Write out all of the records exactly once more and skip the images.

Data shown:
------------------------------
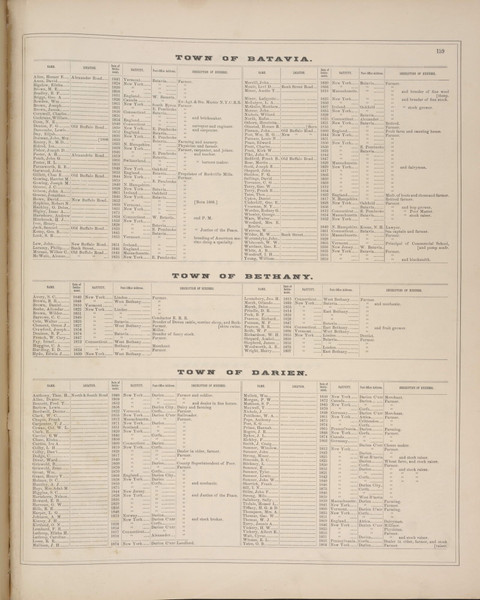 Business Directories #139 - New York 1876 - Old Town Map Reprint - Genesee Co. Atlas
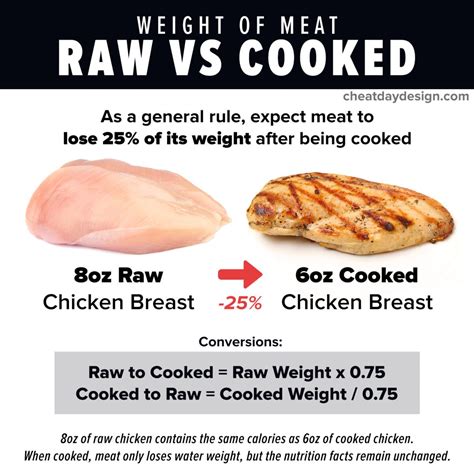 1 Lb Chicken Breast Protein Calories Raw Vs Cooked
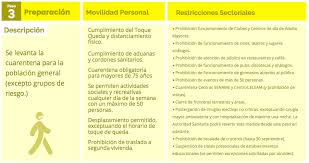 En la actualidad no existen comunas en apertura avanzada. Https Cdn Digital Gob Cl Public Files Campa C3 B1as Corona Virus Documentos Paso A Paso Ppt Paso A Paso Vf Pdf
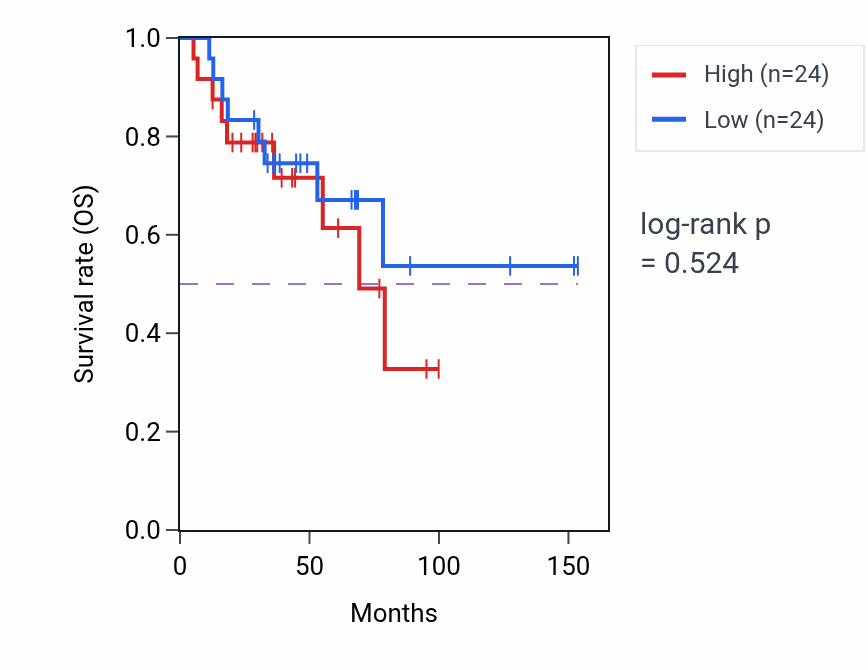 Kaplan&ndash;Meier survival curve for Ventricular septum morphogenesis pathway activity in ACC.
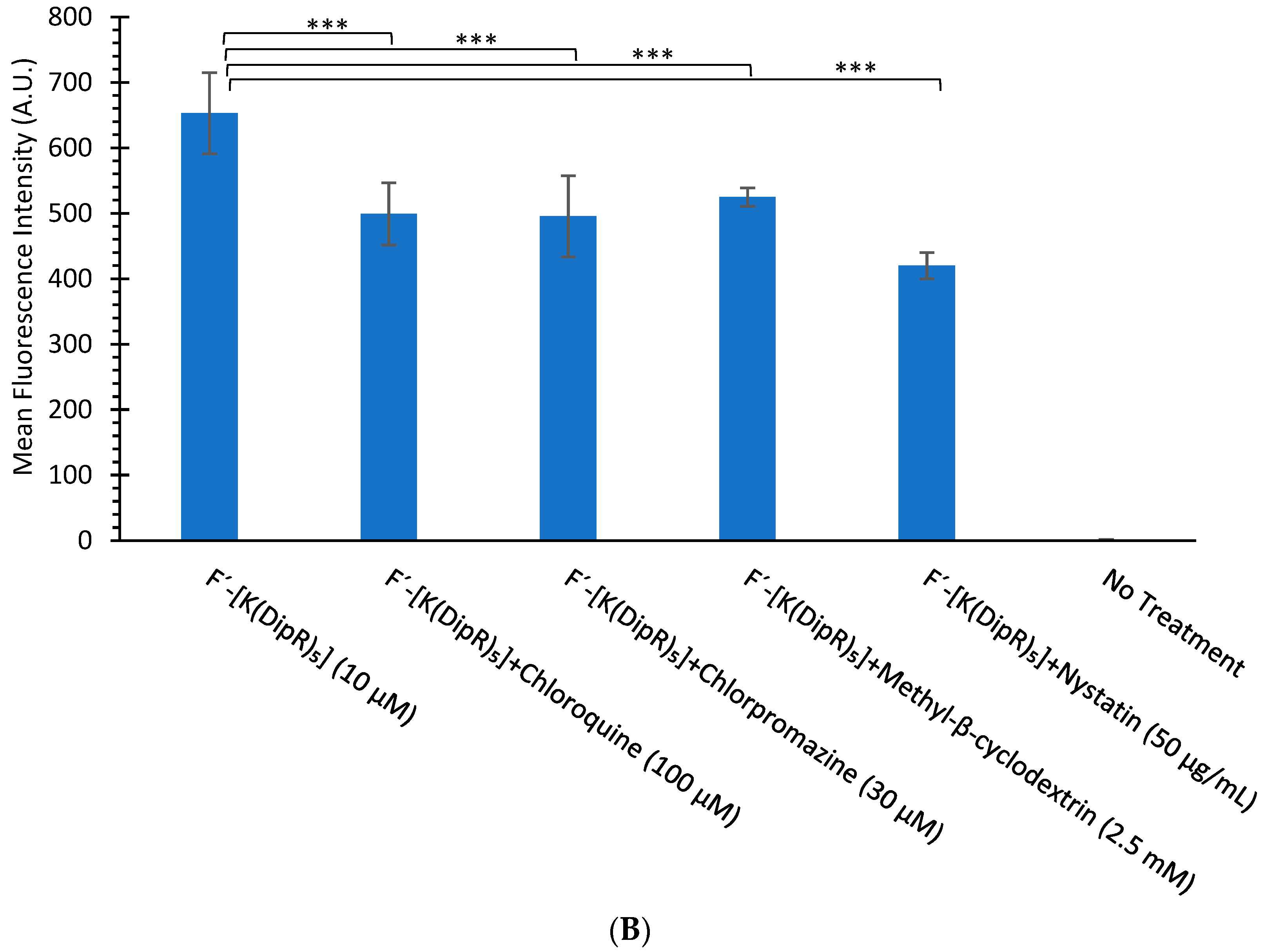 Cells 11 01156 g011b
------------------------------
Finished exercise:
 Business Directories #139 - New York 1876 - Old Town Map Reprint - Genesee Co. Atlas
 1 Lb Chicken Breast Protein Calories Raw Vs Cooked
 En la actualidad no existen comunas en apertura avanzada. Https Cdn Digital Gob Cl Public Files Campa C3 B1as Corona Virus Documentos Paso A Paso Ppt Paso A Paso Vf Pdf
 Kaplan&ndash;Meier survival curve for Ventricular septum morphogenesis pathway activity in ACC.
 Cells 11 01156 g011b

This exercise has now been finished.